Such was the defense’s poor showing in questioning witnesses that the judge even seemed to be mocking SBF’s lawyers at times. “There were some moments where the judge seemed to almost be making fun of the defense lawyer," Josh Klayman, a digital assets lawyer with Linklaters, told the same Spaces panel. "There were moments of levity and yet they were levity at the expense, in my view, of the defense counsel."

Klayman and Tully both thought SBF would take the stand this week – for two reasons.

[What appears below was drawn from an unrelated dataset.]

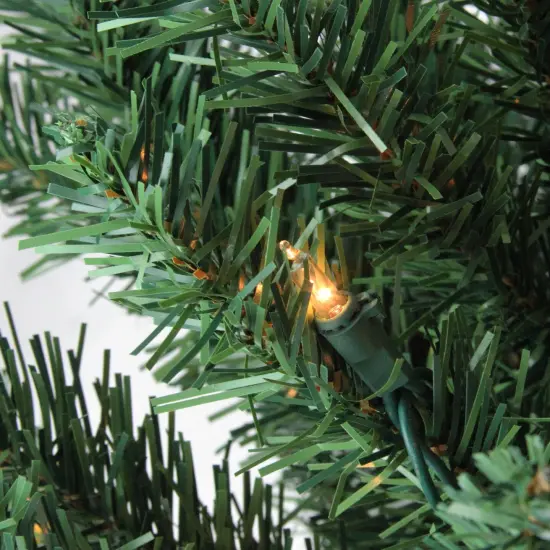 Northlight 4.5' Pre-lit Full Buffalo Fir Artificial Christmas Tree - Clear Lights Green {4}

One, SBF has long had confidence in his persuasive capabilities. Following FTX’s collapse last November, SBF back-channeled with numerous reporters to tell his side of story, often downplaying his knowledge of what was happening and – in a preview of his current defense – making out that he was more out-of-his-depth than malevolent and calculating. He even started his own Substack, going against the advice of numerous lawyers who cautioned against self-incrimination. And two: He has nothing to lose at this point. SBF is very likely to be convicted on at least some of the multiple counts of fraud he faces, and he’s very likely to go to prison. His best chance of a reduced sentence, the thinking goes, is to make a case that he never intended to defraud.

That’s key, because the prosecution needs to prove not only that investors and customers were defrauded, but that SBF knowingly and deliberately did so.

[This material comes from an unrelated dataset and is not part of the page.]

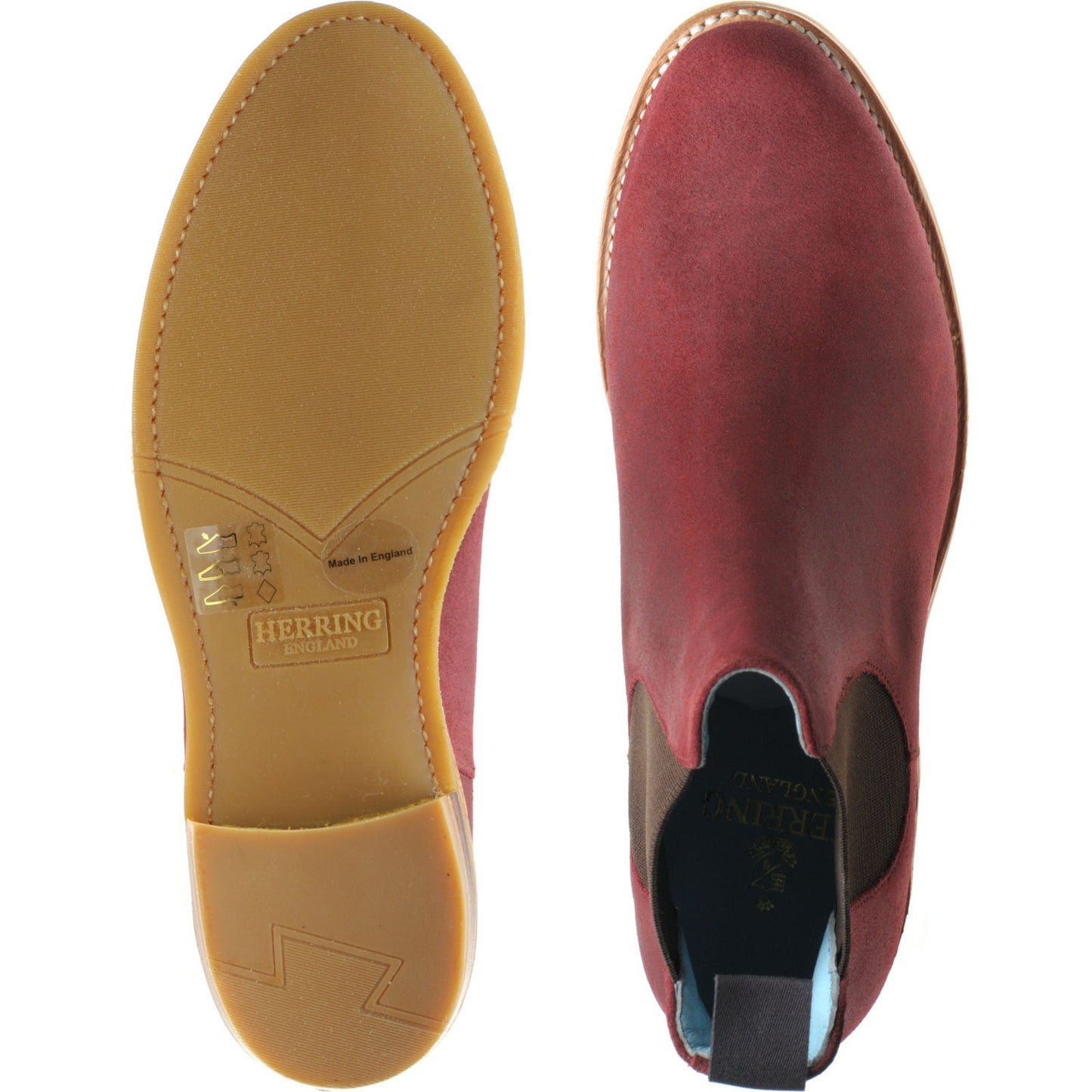 Herring Tamara Ladies ladies rubber-soled Chelsea boots in plum suede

But testifying in your own defense is highly risky, Tully said. SBF may be forced to say things he doesn’t want to say and to be pressed on questions and details he hadn’t expected to be pressed on. Moreover, in SBF’s case, he has to tread a fine line between coming across as a “credible witness” and playing the “out-of-his-depth” neophyte that his defense strategy rests on.

"It's a double-edged sword. The more they put him on the stand and the more articulate and organized he is, it cuts against their defense that he's a math nerd and basically the 'SBF is an idiot’ defense," Tully told CoinDesk last week.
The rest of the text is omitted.